Crawled caption data:
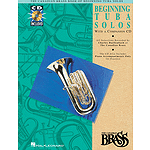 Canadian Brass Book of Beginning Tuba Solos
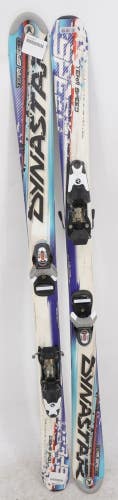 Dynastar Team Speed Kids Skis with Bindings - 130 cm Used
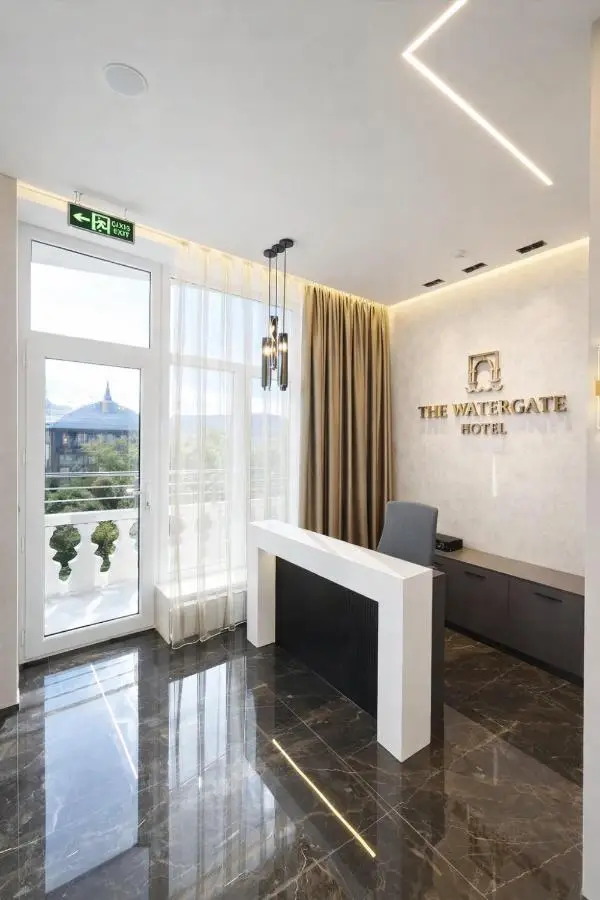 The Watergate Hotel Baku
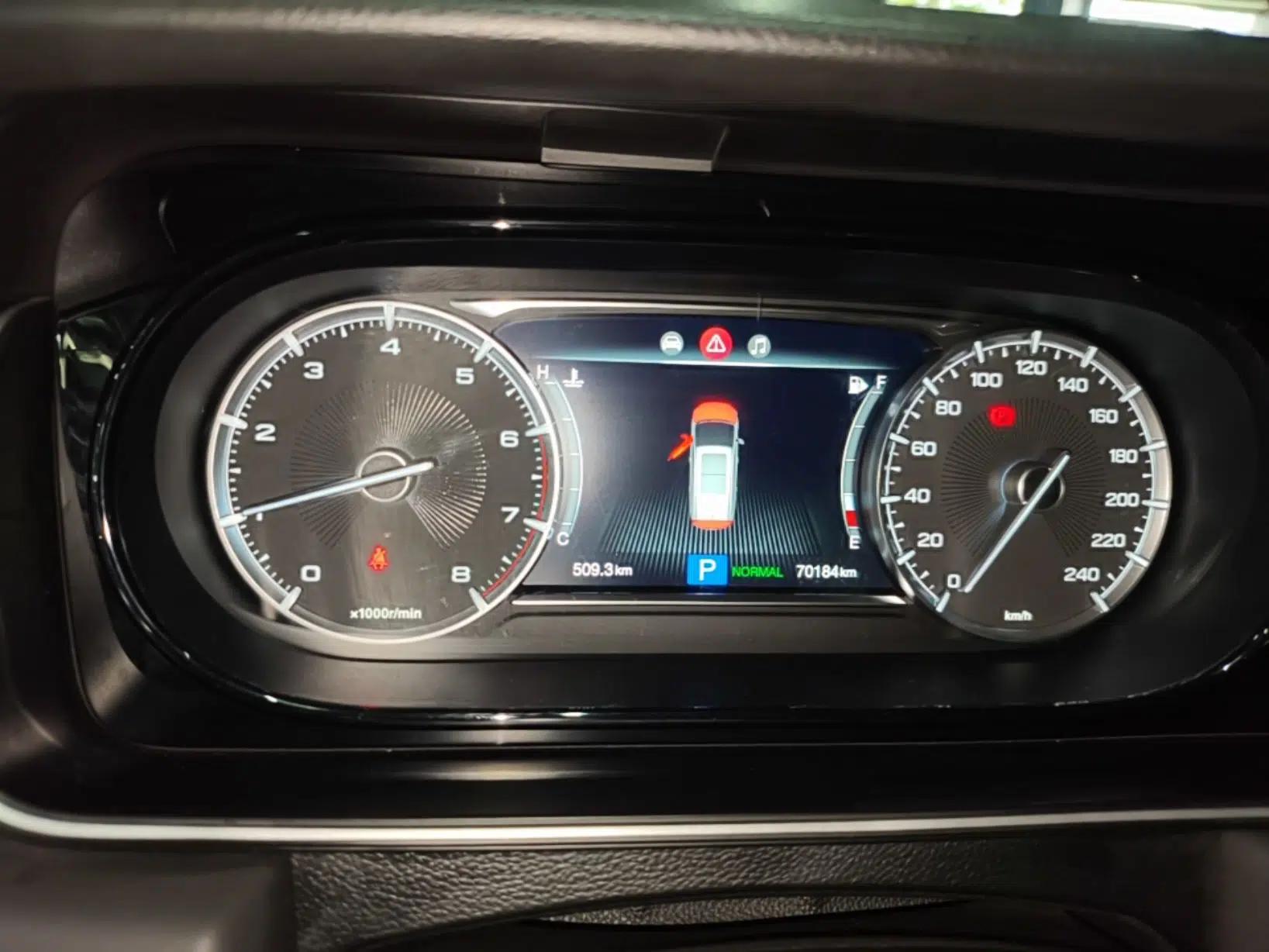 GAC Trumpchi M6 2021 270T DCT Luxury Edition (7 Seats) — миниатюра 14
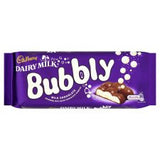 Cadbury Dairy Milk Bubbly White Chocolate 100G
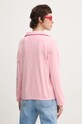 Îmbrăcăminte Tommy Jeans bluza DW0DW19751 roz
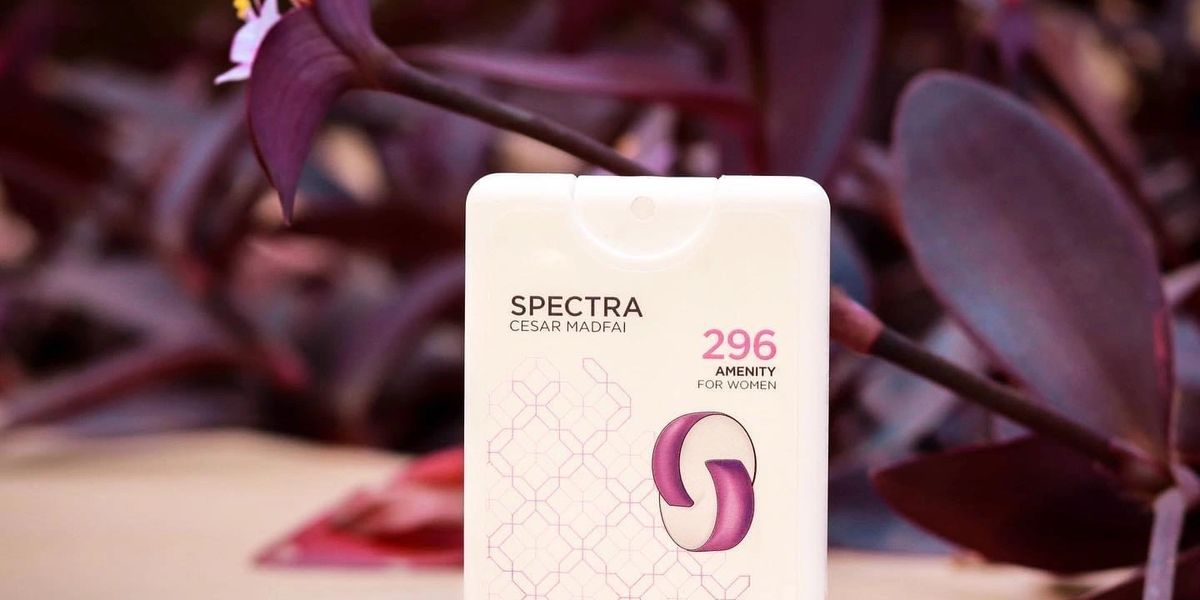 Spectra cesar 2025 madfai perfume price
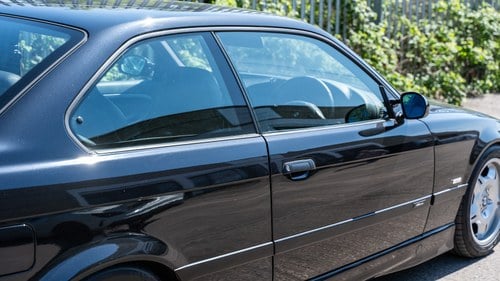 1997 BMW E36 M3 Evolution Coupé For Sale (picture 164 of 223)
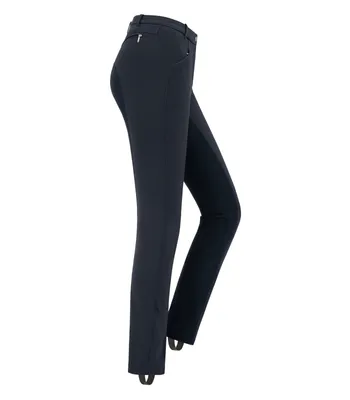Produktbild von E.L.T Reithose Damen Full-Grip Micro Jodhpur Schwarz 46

Work order — Each line from the one holding "GAC Trumpchi M6" down to the end of the records is to be reproduced unaltered, and the pictures are to be omitted.

Answer to this task —
 GAC Trumpchi M6 2021 270T DCT Luxury Edition (7 Seats) — миниатюра 14
 Cadbury Dairy Milk Bubbly White Chocolate 100G
 Îmbrăcăminte Tommy Jeans bluza DW0DW19751 roz
 Spectra cesar 2025 madfai perfume price
 1997 BMW E36 M3 Evolution Coupé For Sale (picture 164 of 223)
Produktbild von E.L.T Reithose Damen Full-Grip Micro Jodhpur Schwarz 46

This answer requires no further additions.